Quando tinha 3 meses, o meu pai adoeceu, com tuberculose e, dado necessitarem de alguém para ajudar, os meus avós paternos mandaram buscar a minha mãe e a bebé. Lá fomos nós, com uma arca de roupa, enxoval da minha mãe, numa carroça, conduzida por um empregado do meu avô. A minha avó materna apoiou veementemente, pois era uma vergonha uma rapariga ter um filho e não viver com o pai da criança.

Por hoje não me apetece “remexer” numa das piores fases da minha vida, vou por isso deixar uma lacuna de 7 anos.

Após o falecimento do meu bisavô paterno (com quem convivi 5 anos), entrei para a escola primária com 7 anos, onde iniciei o convívio com outras crianças.

Como o meu bisavô me tinha ensinado algumas letras, dos jornais que lia, comecei a interessar-me mais com a matéria dada ás meninas da 2º classe. Na época as professoras davam aulas a todas as classes.Fiquei triste, pois também queria ler e escrever como elas.

Os trabalhos de casa fazia-os sozinha, pois ninguém tinha tempo para me ajudar. O que é certo é que ao fim de 3 meses já lia e escrevia como as outras deixando as colegas da 1º classe para trás.

A professora primária, amiga da minha a avó, foi falar com ela perguntando quem me tinha ensinado. Óbvio que ela mentiu.

Quando cheguei á terceira classe, a meio do ano lectivo, a professora fez uma pergunta ás meninas da 4º classe : Quais as terras conquistadas aos mouros (nunca mais me esqueci). De imediato pus o dedo no ar. Valeu-me uma reprimenda da professora; a pergunta não era para ti e não sabes de certeza. Respondi: sei sim.

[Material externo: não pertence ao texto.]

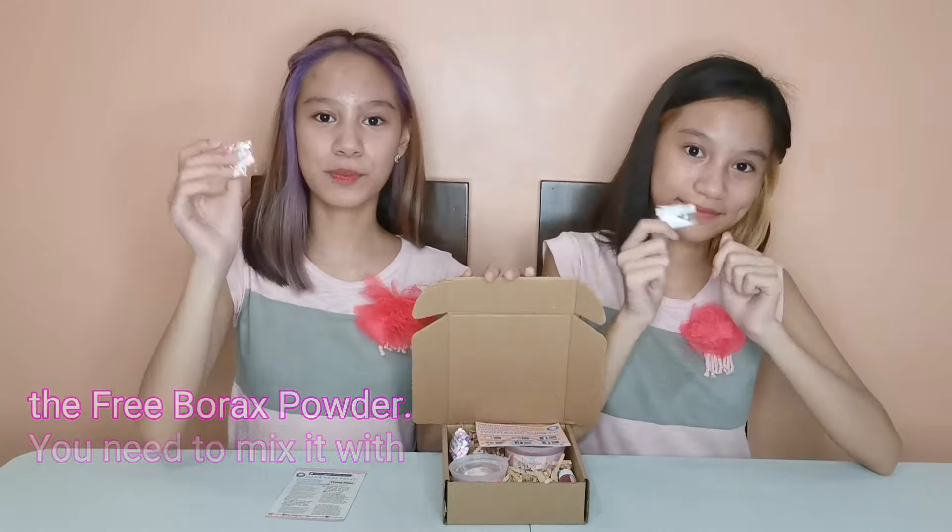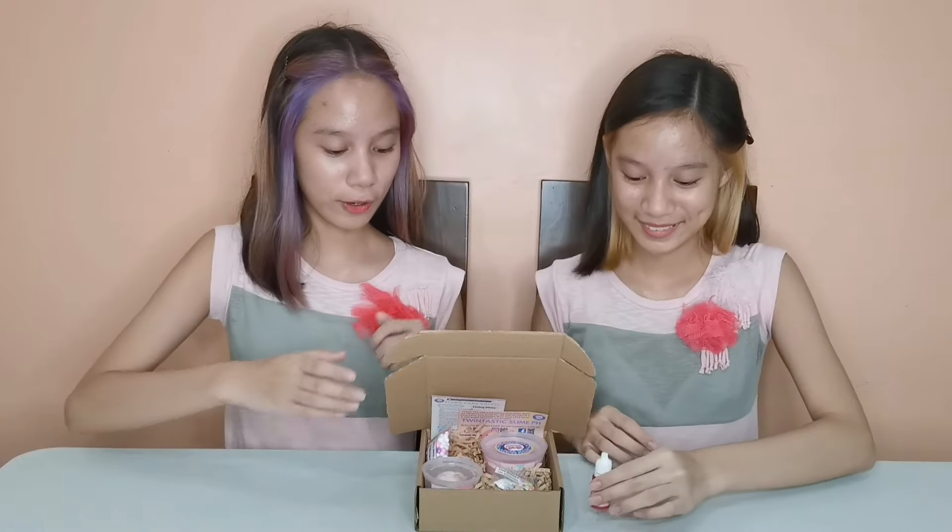For freebie, you will get a random colored foam beads. It's so cute and pretty! And you can add this to your slime to add more texture. We also have here the 10ml Strawberry Scent. This is optional — you can choose whether you want this to be included in your package or not. You can drizzle this into your slime so it can add a delicious strawberry smell.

Para me pôr á prova ela com uma cara de pau disse: vamos lá ver se sabes mesmo. E eu lá disse: Santarém, Lisboa, Sintra e por aí fora. Respondi rapidamente não fosse a professora arrepender-se. A senhora ficou estupefacta. A partir daí comecei a acompanhar as colegas da 4ª classe. Perto do fim do ano fui fazer uma prova da 3ª classe a uma aldeia vizinha, e lá fiz no mesmo ano a bendita 4ª classe. No exame da 4ª que era realizado na sede do concelho, passei com distinção, para grande alegria da minha professora.

Nunca pedi brinquedos a ninguém. CHEGAVAM-ME AS BONECAS DE TRAPO QUE A MINHA AVÓ MATERNA FAZIA, E QUE ERAM BEM BONITAS. Depois ajudava a fazer as roupinhas.

Tinha 8 anos quando fui a um médico á vila, onde havia uma livraria. Quando passei olhei para a montra e pedi á minha mãe que me comprasse um livro. Quando entrei peguei num livro de Júlio Verne “um capitão de 15 anos”. O dono da livraria bem me queria dissuadir dizendo que não era um livro para a minha idade. Eu teimei que queria aquele pois queria saber como é que um rapaz de 15 anos tinha chegado a capitão. O senhor riu-se e lá vim eu muito feliz com o meu primeiro livro escolhido por mim. Claro que o li várias vezes. Conservo esse livro religiosamente até hoje.

Para mim foi o meu primeiro grande sucesso completar a 3ª e 4ª classe só num ano.

E é assim: nas grandes batalhas da vida o segredo para a vitória é o desejo de vencer. Assim dizia Ghandi e tinha efectivamente razão.